What the exercise asks:
What is needed is an exact copy of the listing, with no pictures in it.
#### Supplied data ####
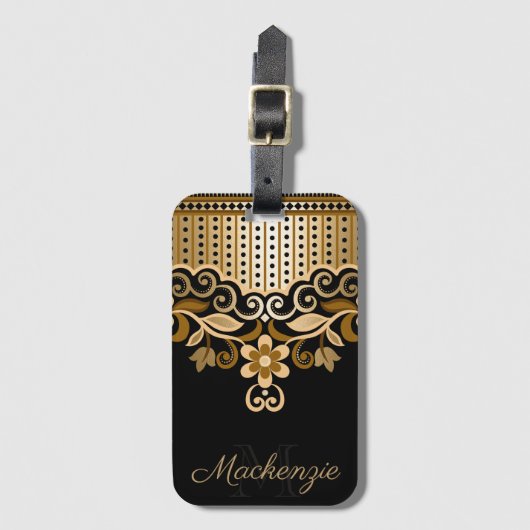 白黒抽象芸術フローラ ラゲッジタグ (正面縦)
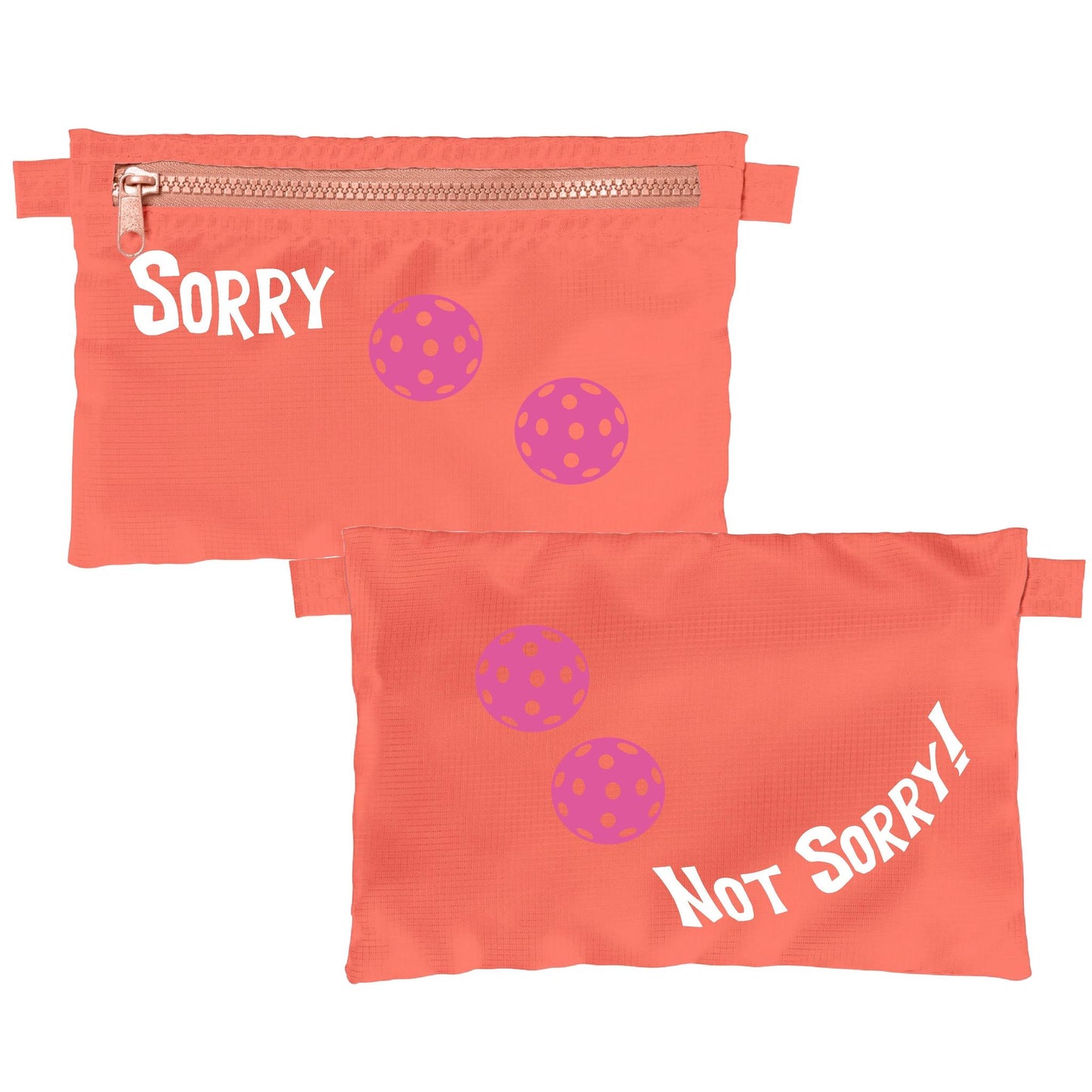 Sorry Not Sorry With Pickleballs (Customizable) | Pickleball Cosmetic Stash Pouch Bag | Small Size Court Stash Bag
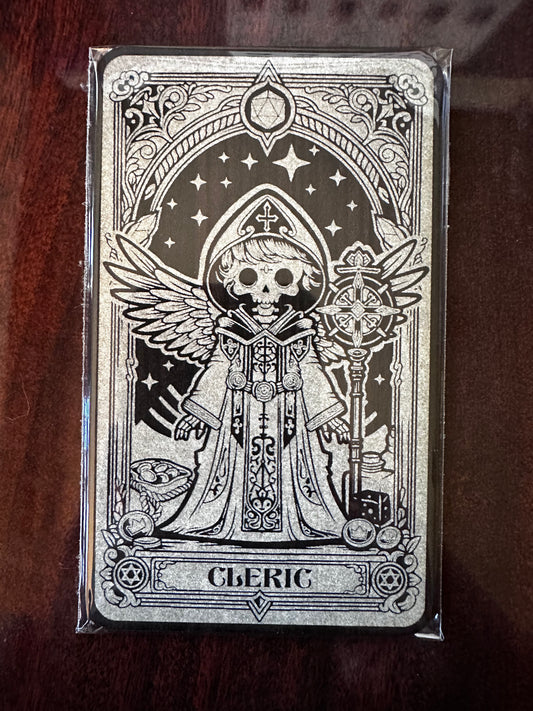 Tarot Card in Dark Wood  - The Cleric, perfect gift for a RPG player or tarot card enthusiast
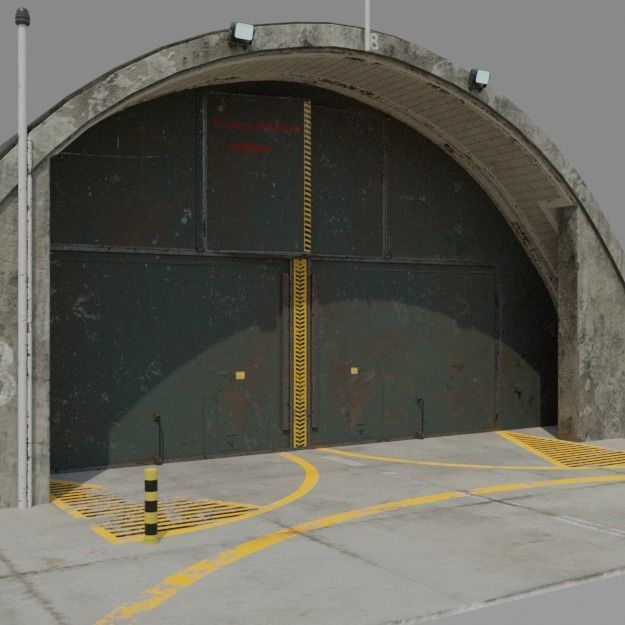 NATO AIRCRAFT SHELTER V2 Free low-poly 3D model_13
####
Your response:
 白黒抽象芸術フローラ ラゲッジタグ (正面縦)
 Sorry Not Sorry With Pickleballs (Customizable) | Pickleball Cosmetic Stash Pouch Bag | Small Size Court Stash Bag
 Tarot Card in Dark Wood  - The Cleric, perfect gift for a RPG player or tarot card enthusiast
 NATO AIRCRAFT SHELTER V2 Free low-poly 3D model_13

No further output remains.